There’s a stark lesson for Australia this week in comments made by Bank of England governor Mark Carney, who has drawn a clear line between the Brexit vote of 2016, and slower economic growth.
Mr Carney says the UK “should be booming”, but instead is “just growing” thanks to the triumph of populist politics over sober policy thinking during last year’s Brexit referendum.
In a TV interview, Mr Carney said: “Business investment has picked up, but it hasn’t picked up to any of the extent that one would have expected given how strong the world is, how easy financial conditions are.”
Then again, his comments are unlikely to trouble political leaders such as Nigel Farage, who convinced voters to get into a “lifeboat off the Titanic”, or Boris Johnson whose “lies and hype” are still being criticised by his own Tory peers.
That’s because populist leaders, by definition, trade on emotion rather than facts.
Ultimately, however, economic reality has a habit of cutting through emotive arguments – as is already happening on the other side of the Atlantic.
US President Donald Trump’s brand of populism has not held voters’ imagination for long. The Washington Post reports that he now has an “approval rating demonstrably lower than any previous chief executive at this point in his presidency over seven decades of polling”.
The trouble is, when that degree of disaffection shows up in the polls, the damage is already done.
Our own furphies
There is much to learn from the rise and fall of populist leaders overseas, because similar trends are evident here.
As Australia struggles to return to a decent level of economic growth, and to escape an extended period of wage stagnation, several persistent myths threaten to apply the brake at exactly the wrong time.
The first is the wildly exaggerated claim that Australia is “full”. Former entrepreneur Dick Smith makes the claim fairly regularly, and did so again this week in The Australian newspaper.
Mr Smith’s call for immigration to be more than halved is echoed by the likes of Pauline Hanson’s One Nation party and former Liberal, now independent Senator Cory Bernardi.
Yet none of these campaigners discuss why immigration is so high at present – net overseas migration is heavily swollen with foreign students, who obtain qualifications here and then often seek to settle in Australia permanently.
We are going through an education boom that, depending on commodity prices, occasionally pips iron ore as our biggest single export. And it is a boom that invites, trains, and then settles smart, motivated, new Australians.
Net overseas migration should fluctuate up and down a bit depending on conditions, but to kill this golden goose during a period of transition away from the previous mining investment boom would be damaging indeed.
Race for the tourist dollar
Another booming sector is tourism, and again it is threatened by populist politics – especially the spreading of race-based myths, which, as we learned after a string of attacks on Indians in 2009, produce plenty of ‘racist Australia’ headlines overseas.

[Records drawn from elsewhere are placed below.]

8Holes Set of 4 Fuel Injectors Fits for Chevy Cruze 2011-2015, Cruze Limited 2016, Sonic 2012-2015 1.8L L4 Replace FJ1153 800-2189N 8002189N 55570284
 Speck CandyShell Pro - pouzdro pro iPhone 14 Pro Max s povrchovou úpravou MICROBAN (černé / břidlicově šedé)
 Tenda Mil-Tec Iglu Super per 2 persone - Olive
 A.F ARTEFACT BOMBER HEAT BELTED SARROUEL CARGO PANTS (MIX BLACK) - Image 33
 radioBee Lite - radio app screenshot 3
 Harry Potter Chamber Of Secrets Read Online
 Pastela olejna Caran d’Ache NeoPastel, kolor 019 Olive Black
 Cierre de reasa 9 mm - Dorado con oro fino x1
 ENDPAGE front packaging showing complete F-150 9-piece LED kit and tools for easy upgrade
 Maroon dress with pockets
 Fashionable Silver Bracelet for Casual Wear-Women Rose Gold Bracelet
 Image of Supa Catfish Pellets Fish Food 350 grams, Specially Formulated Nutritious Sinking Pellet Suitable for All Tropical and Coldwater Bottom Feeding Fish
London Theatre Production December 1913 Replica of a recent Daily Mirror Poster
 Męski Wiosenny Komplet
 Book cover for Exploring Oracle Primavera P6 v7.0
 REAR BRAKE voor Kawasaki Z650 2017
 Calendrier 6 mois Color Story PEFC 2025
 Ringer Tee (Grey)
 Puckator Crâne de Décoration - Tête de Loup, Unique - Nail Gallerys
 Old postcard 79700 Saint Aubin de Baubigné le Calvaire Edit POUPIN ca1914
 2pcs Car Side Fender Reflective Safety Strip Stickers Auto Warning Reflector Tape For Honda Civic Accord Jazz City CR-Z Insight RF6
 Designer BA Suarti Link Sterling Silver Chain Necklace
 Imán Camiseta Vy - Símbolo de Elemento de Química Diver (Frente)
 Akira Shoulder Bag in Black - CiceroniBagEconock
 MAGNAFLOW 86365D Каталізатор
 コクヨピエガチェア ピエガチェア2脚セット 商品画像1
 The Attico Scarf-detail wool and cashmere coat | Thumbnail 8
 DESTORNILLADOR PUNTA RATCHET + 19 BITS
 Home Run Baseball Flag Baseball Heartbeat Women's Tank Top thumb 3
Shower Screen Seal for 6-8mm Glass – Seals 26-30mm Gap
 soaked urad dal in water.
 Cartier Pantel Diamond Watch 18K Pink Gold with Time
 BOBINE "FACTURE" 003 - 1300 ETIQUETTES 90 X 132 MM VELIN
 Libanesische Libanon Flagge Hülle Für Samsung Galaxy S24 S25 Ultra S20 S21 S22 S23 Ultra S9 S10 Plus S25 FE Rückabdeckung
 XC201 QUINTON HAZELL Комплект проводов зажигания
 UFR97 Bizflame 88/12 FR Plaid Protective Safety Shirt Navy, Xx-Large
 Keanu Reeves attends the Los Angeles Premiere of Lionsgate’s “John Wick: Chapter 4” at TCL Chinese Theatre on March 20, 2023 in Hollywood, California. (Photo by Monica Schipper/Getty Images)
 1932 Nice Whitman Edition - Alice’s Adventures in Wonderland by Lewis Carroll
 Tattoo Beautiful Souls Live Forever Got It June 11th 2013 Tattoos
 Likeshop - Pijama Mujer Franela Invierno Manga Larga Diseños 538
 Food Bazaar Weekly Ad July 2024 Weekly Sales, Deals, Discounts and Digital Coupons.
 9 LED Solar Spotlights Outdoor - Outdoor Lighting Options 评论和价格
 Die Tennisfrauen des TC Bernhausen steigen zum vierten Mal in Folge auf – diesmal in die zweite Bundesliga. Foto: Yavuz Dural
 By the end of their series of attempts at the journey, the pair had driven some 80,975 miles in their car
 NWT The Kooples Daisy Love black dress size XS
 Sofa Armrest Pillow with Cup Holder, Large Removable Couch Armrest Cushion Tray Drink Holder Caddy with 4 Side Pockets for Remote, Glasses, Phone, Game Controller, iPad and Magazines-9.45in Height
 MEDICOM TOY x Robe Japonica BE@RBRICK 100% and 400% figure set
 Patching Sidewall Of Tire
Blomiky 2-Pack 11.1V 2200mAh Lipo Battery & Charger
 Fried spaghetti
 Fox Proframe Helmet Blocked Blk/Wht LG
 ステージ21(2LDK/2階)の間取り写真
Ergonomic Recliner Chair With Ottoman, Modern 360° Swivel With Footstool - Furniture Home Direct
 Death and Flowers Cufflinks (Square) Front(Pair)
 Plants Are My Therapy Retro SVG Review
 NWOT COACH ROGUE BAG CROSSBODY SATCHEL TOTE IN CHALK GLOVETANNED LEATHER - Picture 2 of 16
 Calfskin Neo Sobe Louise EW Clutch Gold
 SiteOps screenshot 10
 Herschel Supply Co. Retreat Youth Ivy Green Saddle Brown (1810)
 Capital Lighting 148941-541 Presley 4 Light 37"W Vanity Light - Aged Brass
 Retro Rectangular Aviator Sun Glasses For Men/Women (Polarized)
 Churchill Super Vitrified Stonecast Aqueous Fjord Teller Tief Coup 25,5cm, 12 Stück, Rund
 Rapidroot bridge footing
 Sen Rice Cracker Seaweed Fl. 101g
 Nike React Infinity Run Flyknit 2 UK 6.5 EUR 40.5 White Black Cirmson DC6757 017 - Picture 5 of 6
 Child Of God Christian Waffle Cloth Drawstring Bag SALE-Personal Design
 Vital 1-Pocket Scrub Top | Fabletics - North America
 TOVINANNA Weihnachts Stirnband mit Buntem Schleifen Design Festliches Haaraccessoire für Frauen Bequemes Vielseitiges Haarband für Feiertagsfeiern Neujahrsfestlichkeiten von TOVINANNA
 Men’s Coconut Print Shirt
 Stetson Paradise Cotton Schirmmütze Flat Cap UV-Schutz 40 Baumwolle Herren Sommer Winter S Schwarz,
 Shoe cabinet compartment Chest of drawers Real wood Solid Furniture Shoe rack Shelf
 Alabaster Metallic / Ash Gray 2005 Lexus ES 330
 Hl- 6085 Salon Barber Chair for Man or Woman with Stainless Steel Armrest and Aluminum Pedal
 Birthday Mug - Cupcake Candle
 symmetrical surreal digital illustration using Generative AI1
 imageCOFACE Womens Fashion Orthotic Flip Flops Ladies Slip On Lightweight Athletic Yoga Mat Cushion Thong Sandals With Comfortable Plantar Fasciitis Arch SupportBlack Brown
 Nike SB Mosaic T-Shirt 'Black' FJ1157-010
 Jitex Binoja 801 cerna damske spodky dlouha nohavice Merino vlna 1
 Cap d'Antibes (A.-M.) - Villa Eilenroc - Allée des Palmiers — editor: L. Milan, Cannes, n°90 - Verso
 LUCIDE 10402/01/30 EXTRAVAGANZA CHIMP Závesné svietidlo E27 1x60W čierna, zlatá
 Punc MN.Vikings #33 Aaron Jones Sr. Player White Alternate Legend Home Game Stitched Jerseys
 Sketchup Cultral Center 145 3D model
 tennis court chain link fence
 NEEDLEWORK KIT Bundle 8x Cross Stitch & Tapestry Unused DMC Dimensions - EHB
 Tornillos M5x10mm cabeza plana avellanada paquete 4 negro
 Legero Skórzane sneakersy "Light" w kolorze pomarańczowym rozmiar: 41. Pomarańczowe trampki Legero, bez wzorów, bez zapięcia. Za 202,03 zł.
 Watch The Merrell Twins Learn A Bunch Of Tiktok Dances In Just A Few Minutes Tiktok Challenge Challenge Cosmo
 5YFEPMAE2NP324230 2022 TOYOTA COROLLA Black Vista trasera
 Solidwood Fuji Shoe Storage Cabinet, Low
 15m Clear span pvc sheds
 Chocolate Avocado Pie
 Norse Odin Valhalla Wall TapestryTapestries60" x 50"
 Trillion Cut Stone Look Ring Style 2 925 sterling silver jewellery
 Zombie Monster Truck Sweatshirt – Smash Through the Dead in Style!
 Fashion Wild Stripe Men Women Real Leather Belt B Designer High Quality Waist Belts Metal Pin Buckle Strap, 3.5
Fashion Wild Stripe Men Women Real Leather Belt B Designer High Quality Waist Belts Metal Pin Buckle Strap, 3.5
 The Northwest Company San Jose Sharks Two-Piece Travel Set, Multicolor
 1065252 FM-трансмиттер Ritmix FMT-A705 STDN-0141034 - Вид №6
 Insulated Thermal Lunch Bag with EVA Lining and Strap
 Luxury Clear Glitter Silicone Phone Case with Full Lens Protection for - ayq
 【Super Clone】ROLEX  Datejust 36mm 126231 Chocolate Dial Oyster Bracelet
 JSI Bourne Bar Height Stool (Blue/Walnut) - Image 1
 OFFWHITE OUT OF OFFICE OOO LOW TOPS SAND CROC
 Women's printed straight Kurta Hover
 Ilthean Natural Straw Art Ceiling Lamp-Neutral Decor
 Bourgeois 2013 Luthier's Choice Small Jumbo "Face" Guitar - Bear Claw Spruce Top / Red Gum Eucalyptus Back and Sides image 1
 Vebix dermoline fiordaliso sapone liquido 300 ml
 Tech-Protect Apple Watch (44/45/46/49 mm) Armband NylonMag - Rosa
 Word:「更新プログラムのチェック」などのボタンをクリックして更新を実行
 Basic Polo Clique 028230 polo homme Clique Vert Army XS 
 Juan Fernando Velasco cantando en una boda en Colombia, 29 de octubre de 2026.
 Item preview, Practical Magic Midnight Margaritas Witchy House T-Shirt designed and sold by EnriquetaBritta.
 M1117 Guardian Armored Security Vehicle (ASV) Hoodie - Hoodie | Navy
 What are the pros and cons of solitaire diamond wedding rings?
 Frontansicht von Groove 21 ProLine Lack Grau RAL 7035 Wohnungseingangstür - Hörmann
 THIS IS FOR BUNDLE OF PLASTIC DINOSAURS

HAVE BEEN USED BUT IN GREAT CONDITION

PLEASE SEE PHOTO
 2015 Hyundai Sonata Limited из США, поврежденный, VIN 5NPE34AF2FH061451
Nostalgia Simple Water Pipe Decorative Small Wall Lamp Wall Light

And yet there are votes to be had in stoking fears that “we’re in danger of being swamped by Muslims” – a ludicrous claim given that only 2.6 per cent of Australians are Muslim, and are overwhelming law-abiding, taxpaying citizens.
Another race-based myth, often repeated by the National Party, is that Chinese money is taking over Australia’s agricultural land. Yes, Chinese investors have increased their stake in recent years, but it is still only 2.5 per cent.
China is a huge and growing source of tourists for Australia, but when global news outlets cover some of the racist undercurrents in Australia, there are plenty of other destinations to which travellers can turn.
The energy transition
The other big myth, actively spread by elements within the Liberal Party at present, is that only coal can provide affordable ‘baseload power’ for Australia’s future – and, therefore, that there’s no use trying to be a ‘clean energy super-power’.
Even with the government’s own Finkel review naming wind-plus-gas-backup as the cheapest new-build energy available, the myth of ‘cheap coal’ has won the day.
The government’s National Energy Guarantee will force energy retailers to buy more coal power, despite it being neither cheaper, nor more reliable.
Taken together, these issues are reminders that Australians are far from immune to the kind of simplistic, factually incorrect arguments being made overseas.
And we will pay the same price if we fall for emotive populists arguments, rather than checking the facts behind them.